Drop the pictures and repeat the remaining data exactly.

"""

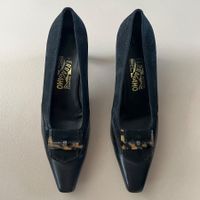 SALVATORE FERRAGAMO Pumps 🖤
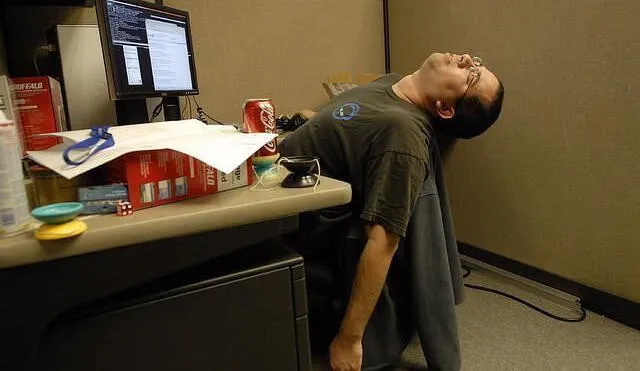 ¿Es una falta ética dormir en el trabajo? [Fotos]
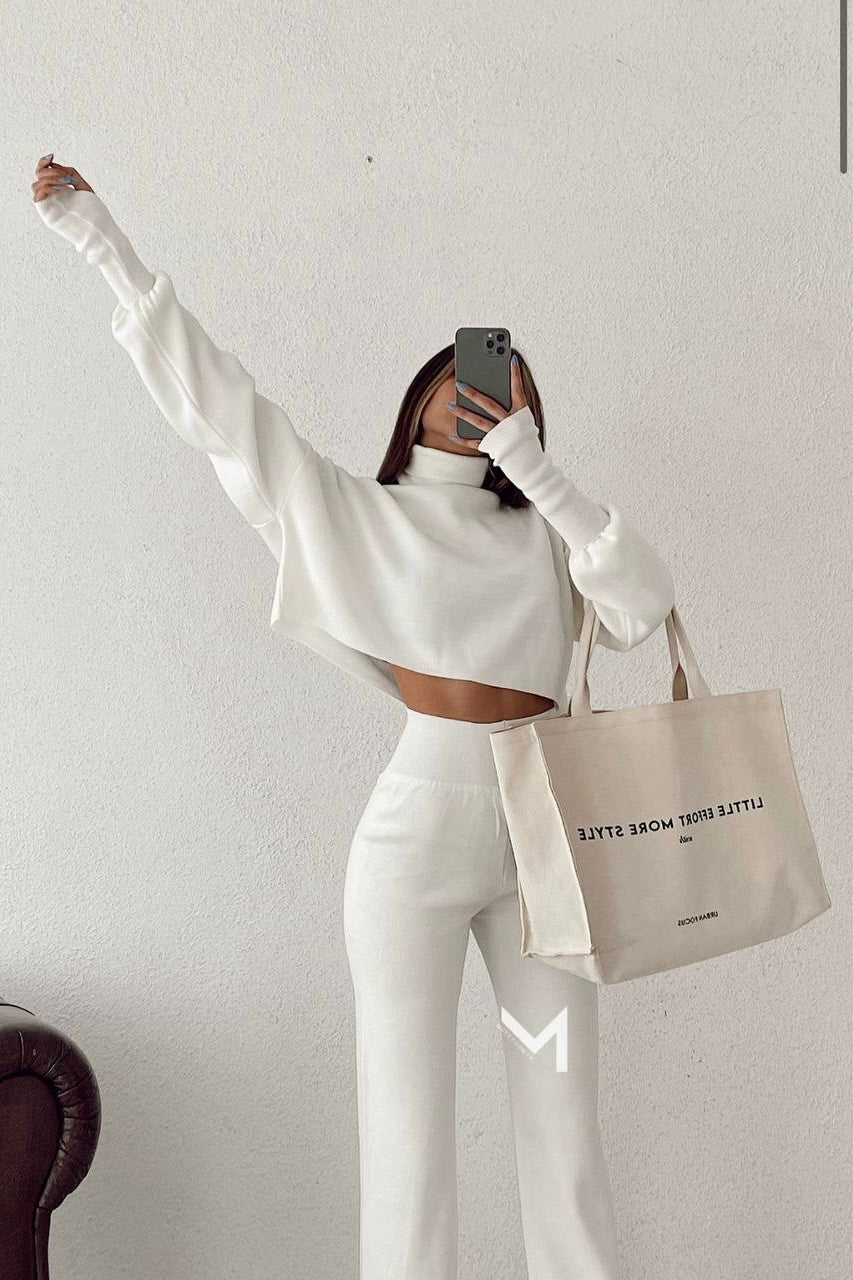 Loungewear-Set - Cropped Rollkragenpullover &amp; Strickhose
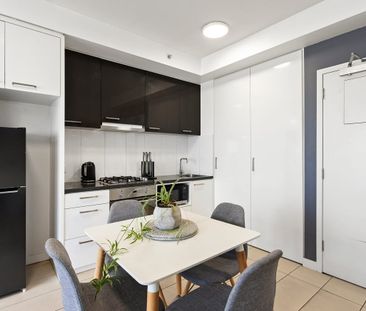 Spacious & Amazing Location - Photo 1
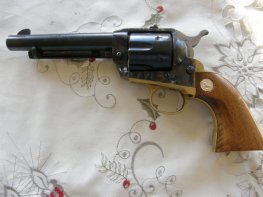 Revolver Armi Jager-Dakota v.č.29297 r, 45 LC  Revolver Armi Jager-Dakota v.č.29297 r, 45 LC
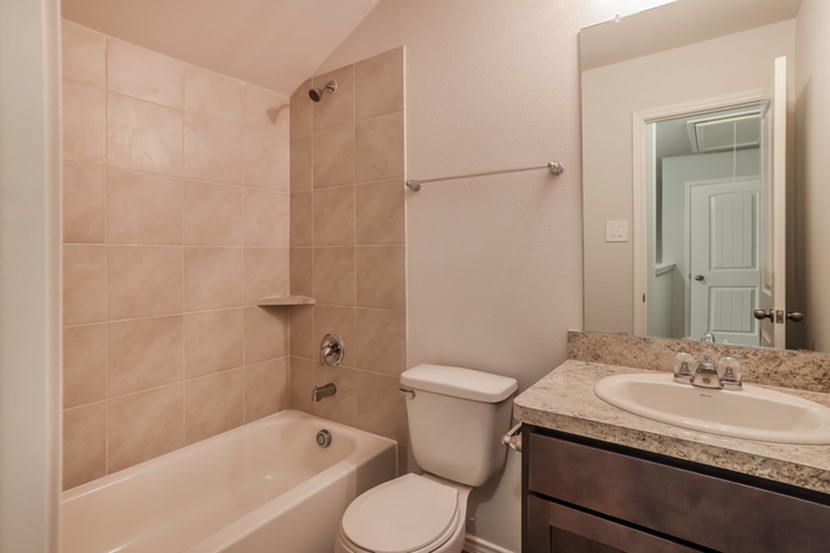 21622 Mamba Way Houston, TX 77073 - Photo 7 of 13 Photos may be representative of the floor plan and not the exact home. Finishes, layout, and features of the actual property for lease may vary.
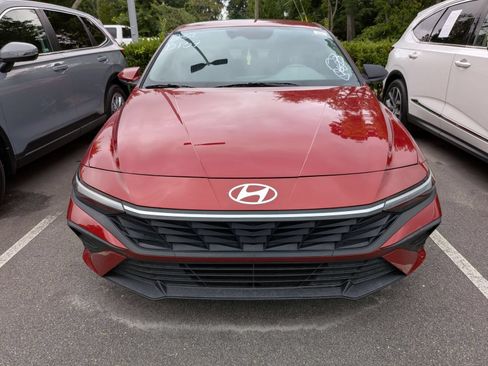 Used 2025 Hyundai Elantra SE w/ Cargo Package FWD image 6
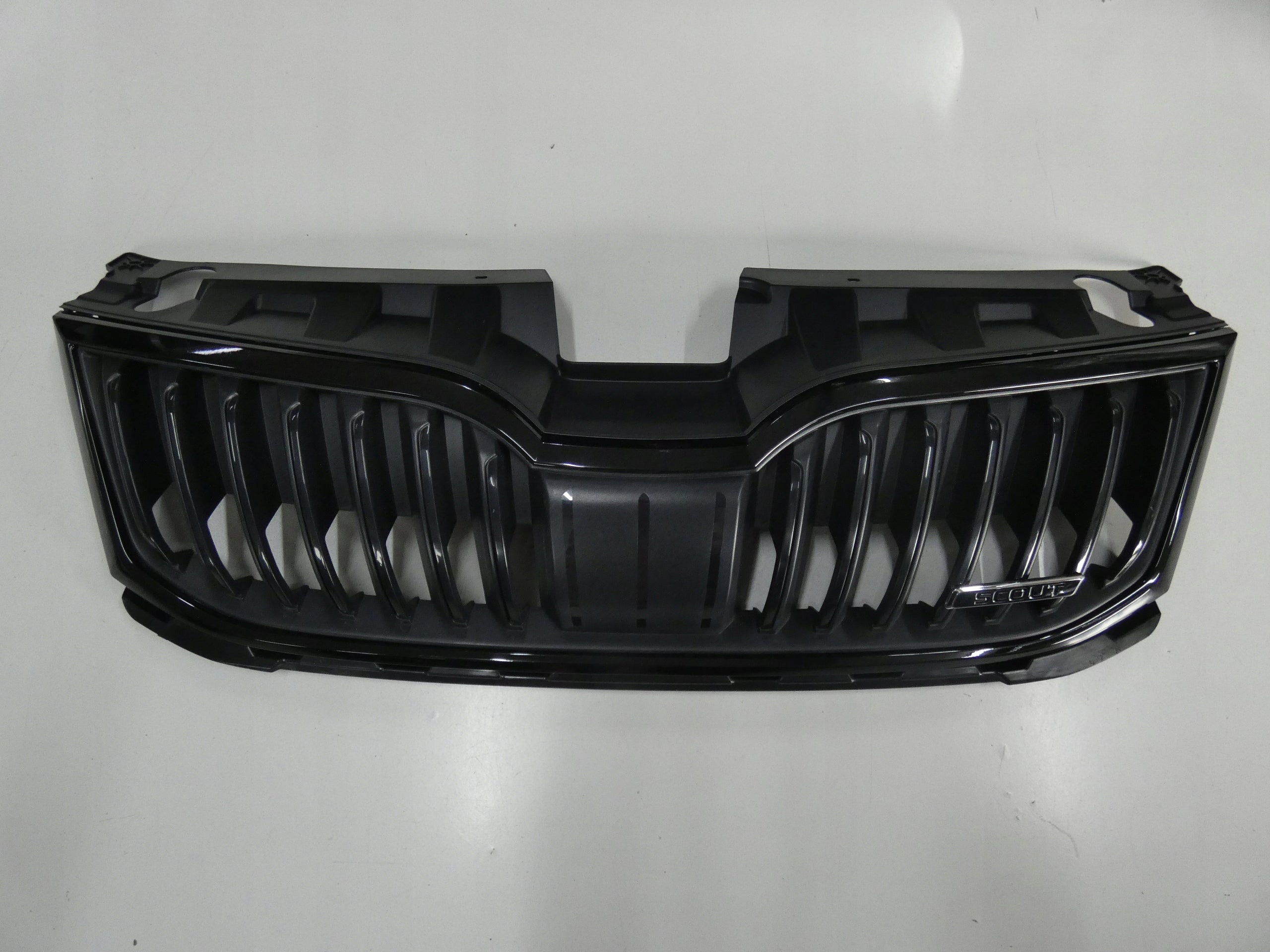 Kühlergrill Skoda OCTAVIA III FRONTGRILL 5E0853653at Kühlergitter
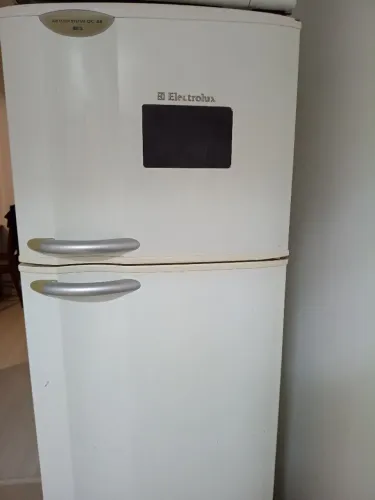 Geladeira Electrolux com defeito 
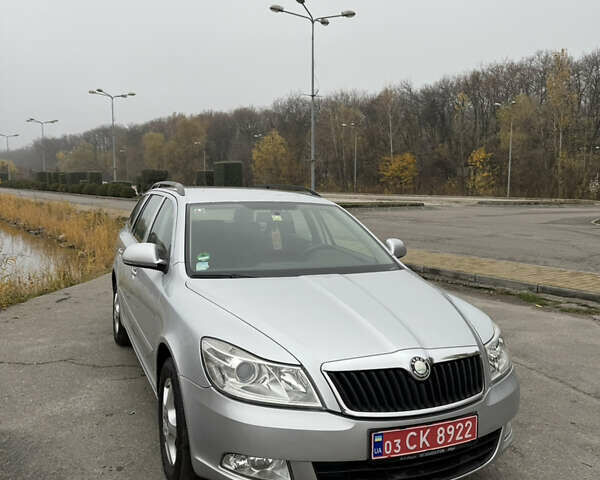 Сірий Шкода Октавія, об'ємом двигуна 1.6 л та пробігом 183 тис. км за 7500 $, фото 1 на Automoto.ua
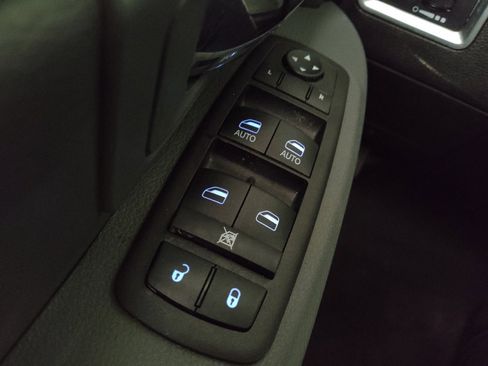 Used 2017 RAM 1500 Classic SLT image 27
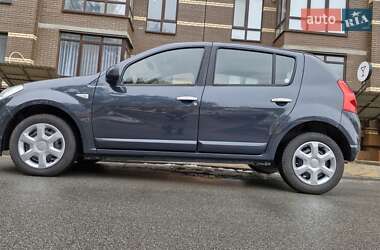 Хэтчбек Dacia Sandero 2009 в Чернигове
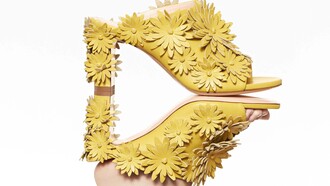 Mule con tacco in pelle con punta quadrata, ricoperto di fiori in pelle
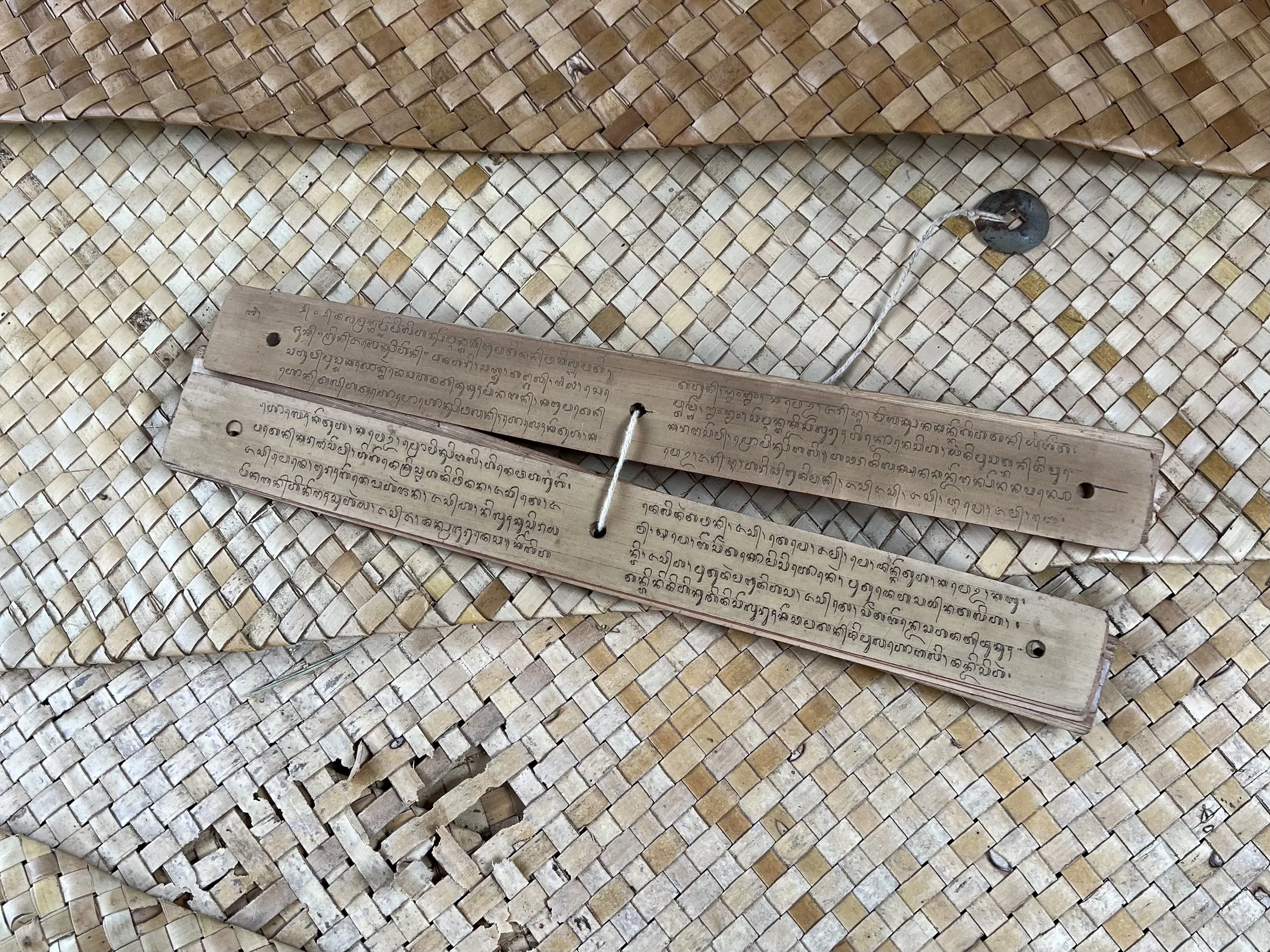 Lontar / Balinese ancient manuscripting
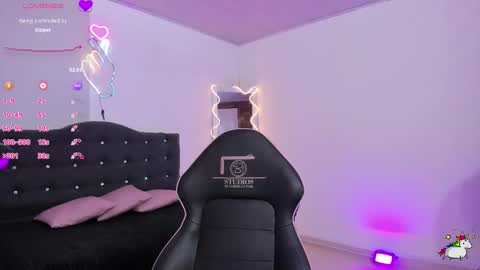 LUNA KITTY  online show from March 4, 12:02 pm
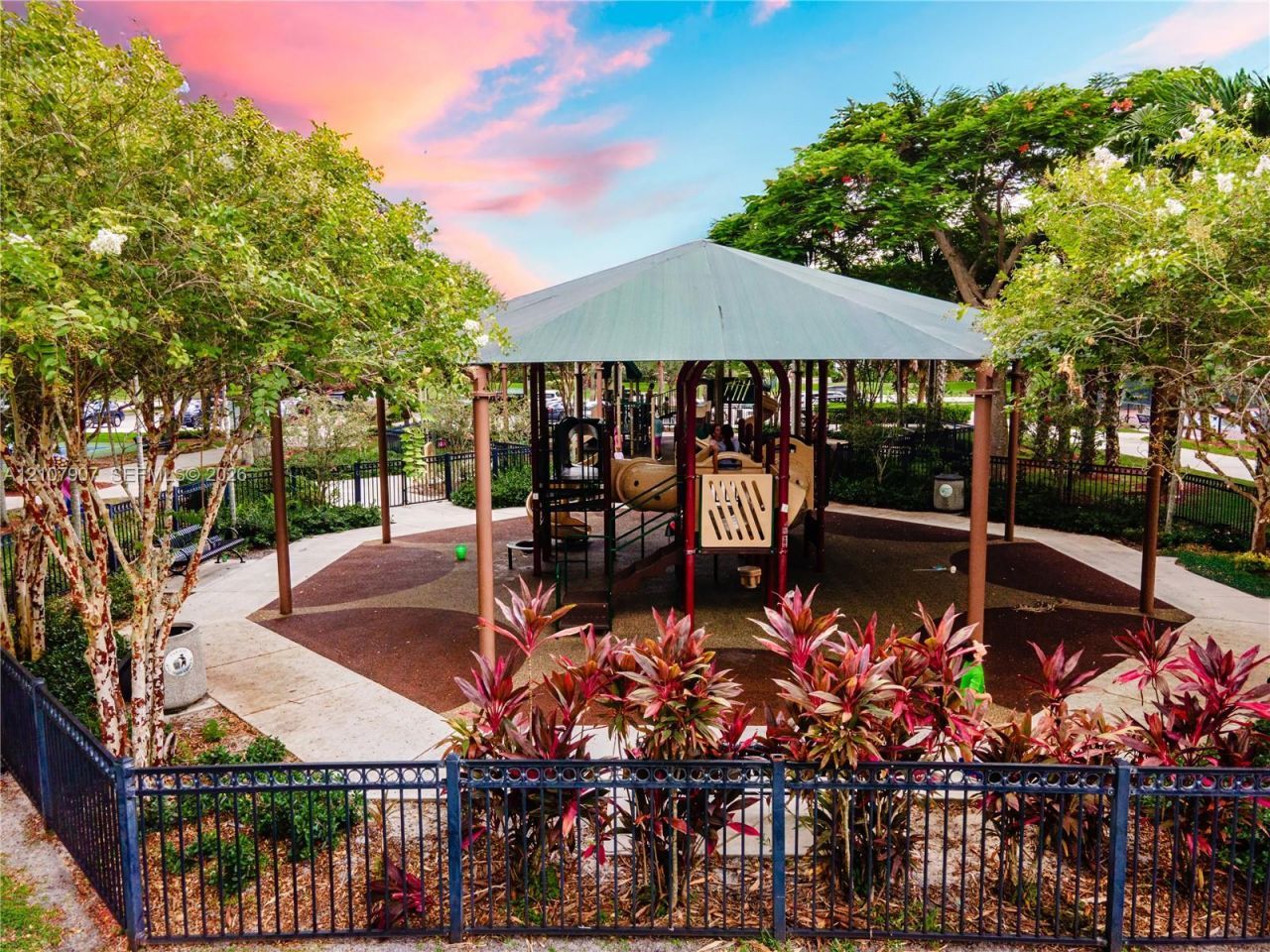 3500 Oaks Clubhouse Dr , Unit 308, Pompano Beach, FL 33069 Photo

"""

EXERCISE RESPONSE:
 SALVATORE FERRAGAMO Pumps 🖤
 ¿Es una falta ética dormir en el trabajo? [Fotos]
 Loungewear-Set - Cropped Rollkragenpullover &amp; Strickhose
 Spacious & Amazing Location - Photo 1
 Revolver Armi Jager-Dakota v.č.29297 r, 45 LC  Revolver Armi Jager-Dakota v.č.29297 r, 45 LC
 21622 Mamba Way Houston, TX 77073 - Photo 7 of 13 Photos may be representative of the floor plan and not the exact home. Finishes, layout, and features of the actual property for lease may vary.
 Used 2025 Hyundai Elantra SE w/ Cargo Package FWD image 6
 Kühlergrill Skoda OCTAVIA III FRONTGRILL 5E0853653at Kühlergitter
 Geladeira Electrolux com defeito 
 Сірий Шкода Октавія, об'ємом двигуна 1.6 л та пробігом 183 тис. км за 7500 $, фото 1 на Automoto.ua
 Used 2017 RAM 1500 Classic SLT image 27
 Хэтчбек Dacia Sandero 2009 в Чернигове
 Mule con tacco in pelle con punta quadrata, ricoperto di fiori in pelle
 Lontar / Balinese ancient manuscripting
 LUNA KITTY  online show from March 4, 12:02 pm
 3500 Oaks Clubhouse Dr , Unit 308, Pompano Beach, FL 33069 Photo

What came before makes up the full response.